Autumn, accession number LH2001.239, shows the fruits of the season and a goblet. The putto stands in a slight contrapposto, weight on his proper right leg, and his head turned to his left. His arms reach out in front of his belly. In his proper right hand he holds a goblet, and his left hand holds a cluster of grapes. He is clad in a robe tied over the right shoulder and twisted along the upper edge across the chest. It is belted around the waist. He wears a wreath of grapevine in his curls. Behind him, to the proper right of the tree stump, is a basket of fruit.

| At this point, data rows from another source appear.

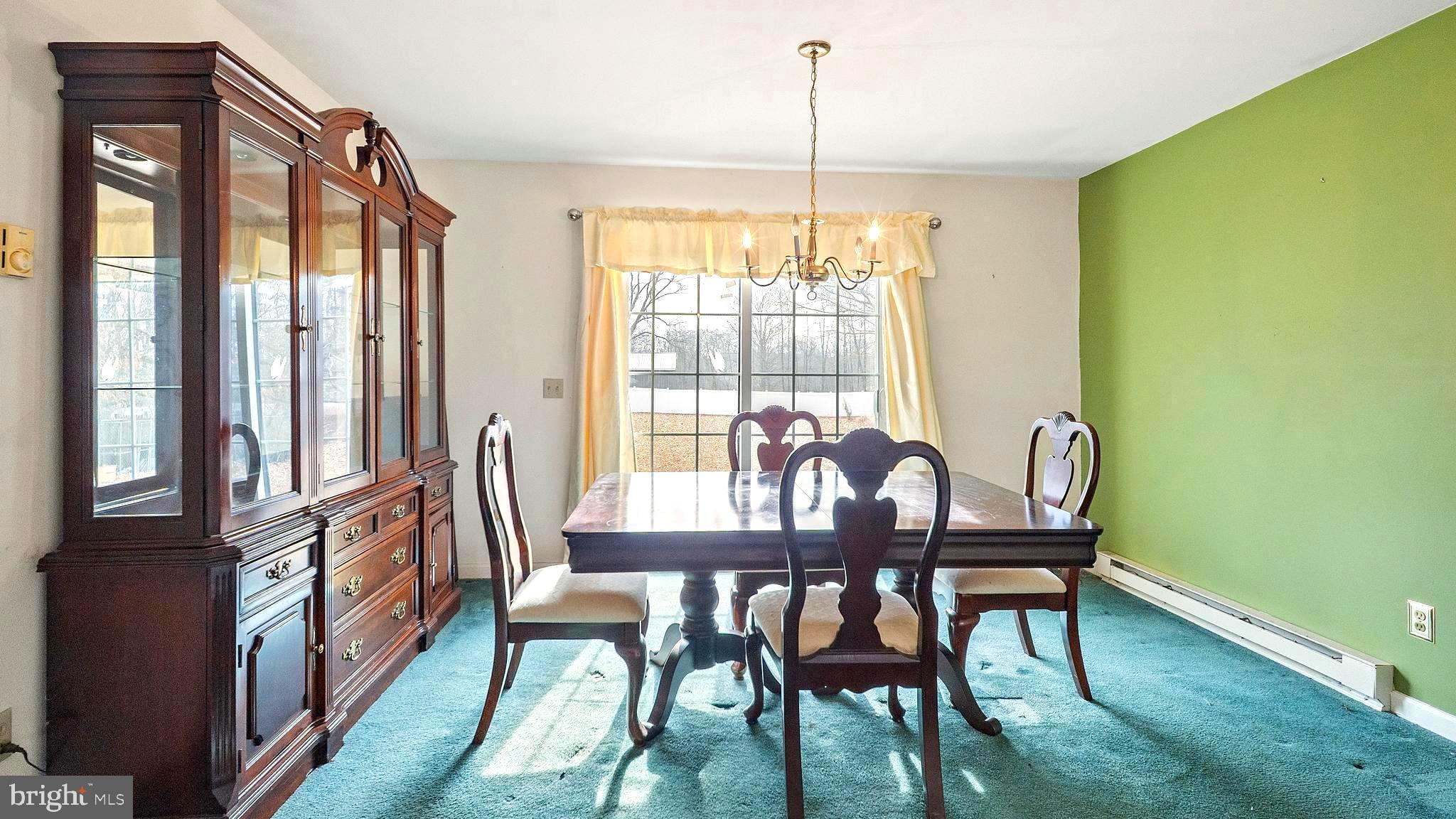 34157 Somerset Road Pocomoke City, MD 21851 - Photo 11 of 39 a view of a dining room with furniture window and outside view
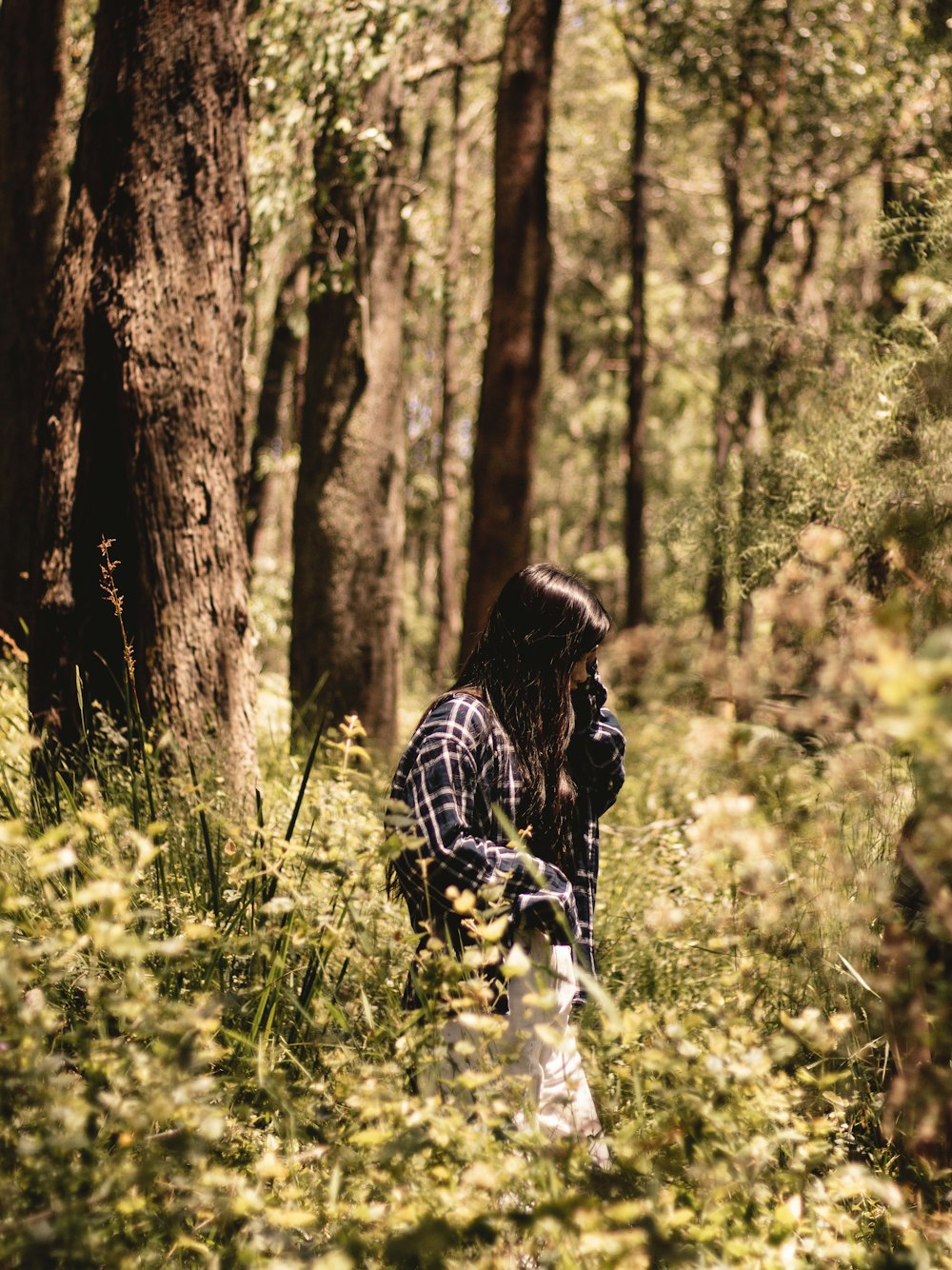 woman in black and white plaid long sleeve shirt standing beside brown tree during daytime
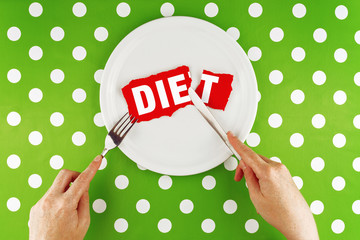 Hands hold flatware above dieting plate, Top View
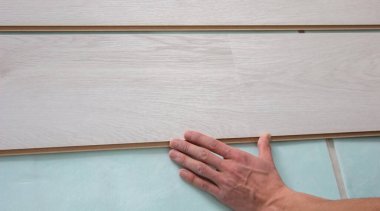 İşçilerin elleri ahşap kaplama döşeme döşemesi kuruyor. Ahşap zeminli ve ölçülü ev tadilatı. seçici odak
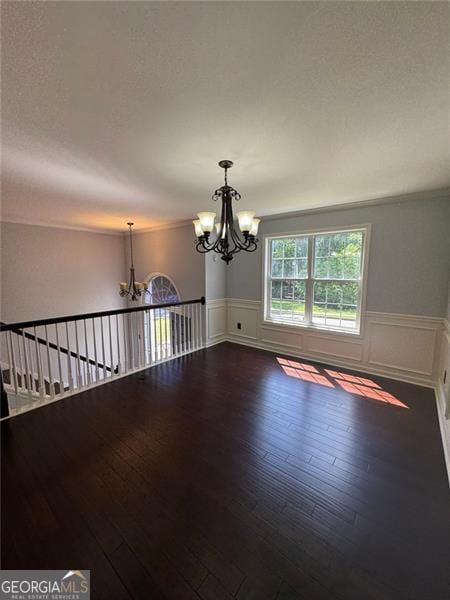 955 Tributary Way, Dacula, GA 30019 - empty room with a chandelier, a wainscoted wall, hardwood / wood-style floors, and crown molding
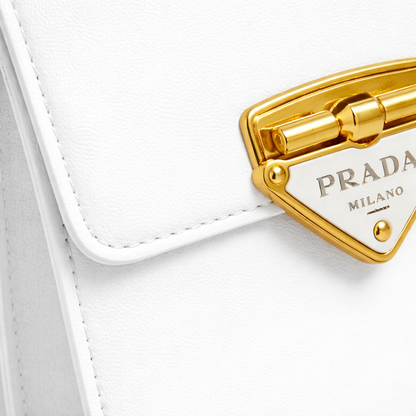 Pearl — A structured top-handle bag with a flap and front metal detail.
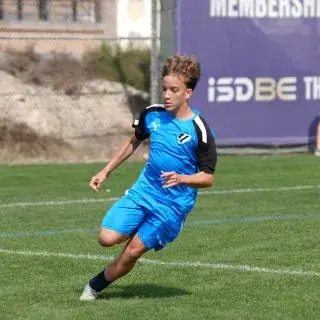 A player in blue chasing a soccer ball on the field.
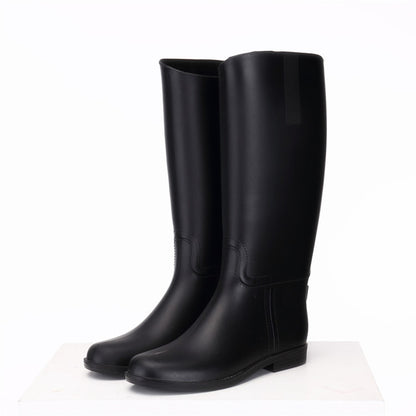 Pair of black rubber boots on a white background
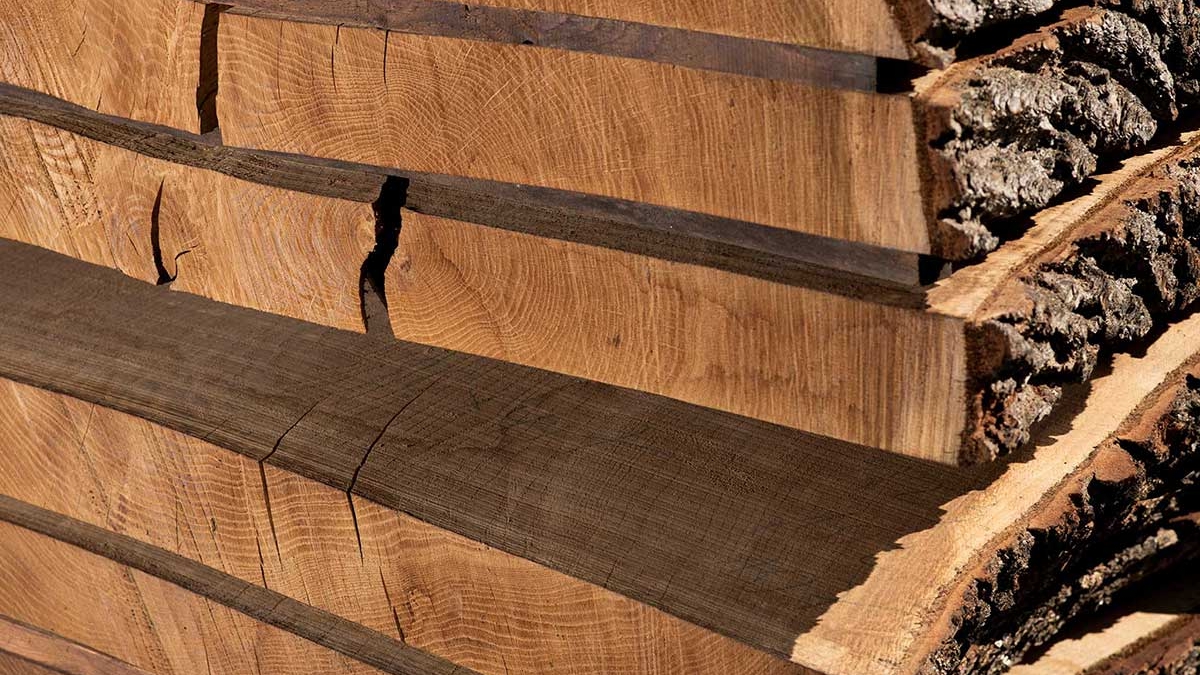 Gestapelte Holzbohlen ruhen in der Sonne, ihre Rinde teils sichtbar, in einem Außenbereich. Die Maserungen und Trockenrisse zeugen von Natur und Zeit.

Winter, accession number LH2001.237, bears no produce. In this sculpture a putto stands with his weight on his straightened left leg and his right leg bent and crossed in front of the left, the ball of the right foot resting on a rock. His upper body leans right and his arms are crossed, right over left. The right hand grasps the left upper arm, and the left hand clutches the two ends of a cloth wrapped around the boy from waist to knee. The figure looks to his left. Unlike the other sculptures in this set, LH2001.237's curly locks are unadorned.

==Context==
The Four Seasons are an ancient decorative motif. Usually each season is represented as an allegorical figure bearing traditional iconographic symbols. The Romans typically represented the seasons as voluptuous goddesses known as the Horae. This imagery carried over into neoclassical art and later became especially popular as garden sculpture. Putti (re-popularized in the Renaissance) became common allegorical figures and often took over the role of the Horae, as here. This change in preference may have occurred because putti are more innocuous than the sexualized goddesses of antiquity.

===Iconography===
Spring is shown with profuse flowers because it is the season when most flowering plants blossom.

Summer holds a sheaf of wheat and wears a cloth headband to illustrate the labor and product of the wheat harvest, which is done in the summer. Wheat can either be planted in the winter ("winter wheat") or the spring ("spring wheat"), to be harvested at the beginning or very end of summer, respectively.

Autumn is the season in which most fruits become ripe. Since grapes are harvested in the fall, wine is also made in the fall. This is alluded to by the goblet.

Winter is shown without produce and striving to warm himself because the temperate winter is cold and rather barren.

==Historical information==
The grounds of Oldfields were landscaped by Percival Gallagher of the Olmsted Brothers in the 1920s. The property and all sculptures on it were donated to the IMA by the family of former Oldfields owner Josiah K. Lilly Jr., in 1967. In 2001 the outdoor sculptures were assessed, and eighteen selected pieces were accessioned into the IMA's Lilly House collection. The Seasons were among these and were assigned the accession numbers listed above in the description.

===Provenance===
The "Italy" carving on the underside of each sculpture suggests that these were produced in Italy for export. Nothing is known of the maker of this set.

===Acquisition===
It is not known with certainty when this sculpture set was first brought to the Oldfields estate, but it is documented in historic photographs from the Landon era.

===Location history===
The Four Seasons Garden was designed in 1939 by Haldeman & Leland to complement the Recreation Building, which was added to the property in 1940 by the Lilly family. The Seasons putti are believed to date to the Landon era and were incorporated into the new garden design.

In 2006 all four sculptures and their pedestals were removed from view for conservation work, and then replaced. For the 2010 Four Seasons Garden renovations the sculptures were removed to Newfield (the house J.K. Lilly Jr., built as a home by for his son) for storage. They were reinstalled upon completion of the renovation in April, 2011, but are not in the original positions. LH2001.238 and LH2001.239 have been exchanged accidentally.

==Condition==
The sculptures are monitored, cleaned, and treated regularly by the IMA art conservation staff. All sculptures are considered structurally sound and stable as of 2011.